EXERCISE AIM: Pictures are not part of the copy. Set down exactly the lines from the one containing "SPOR Villa Ultra" through the last line of the material below.

RAW DATA:
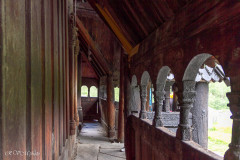 Eglise en bois debout (stavkirke) de Borgund, Norvège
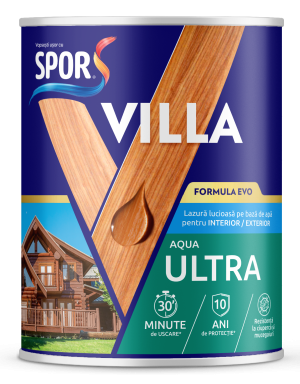 SPOR Villa Ultra Lazură lucioasă pe bază de apă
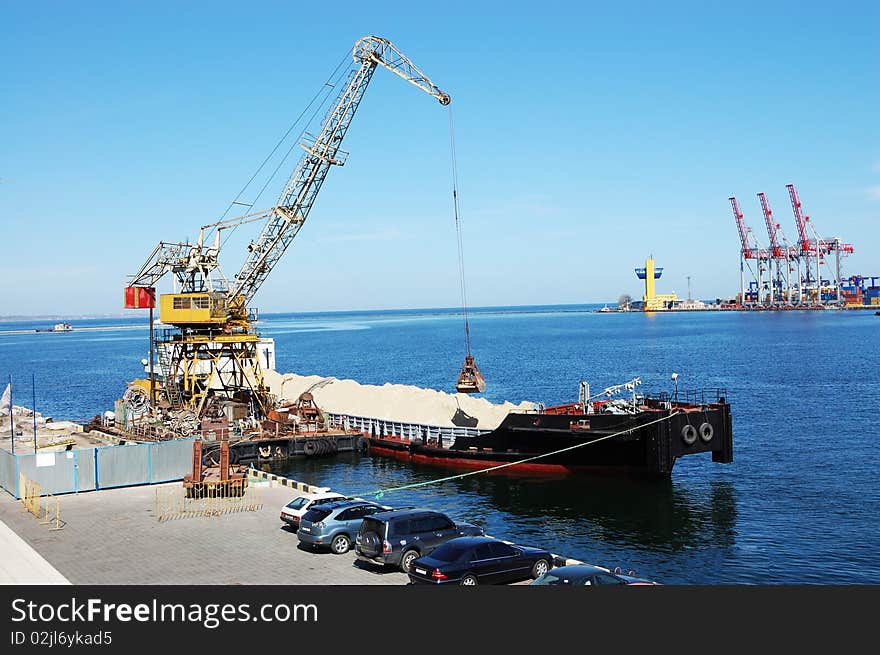 A Barge With Sand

RESPONSE TO THE EXERCISE:
 SPOR Villa Ultra Lazură lucioasă pe bază de apă
 A Barge With Sand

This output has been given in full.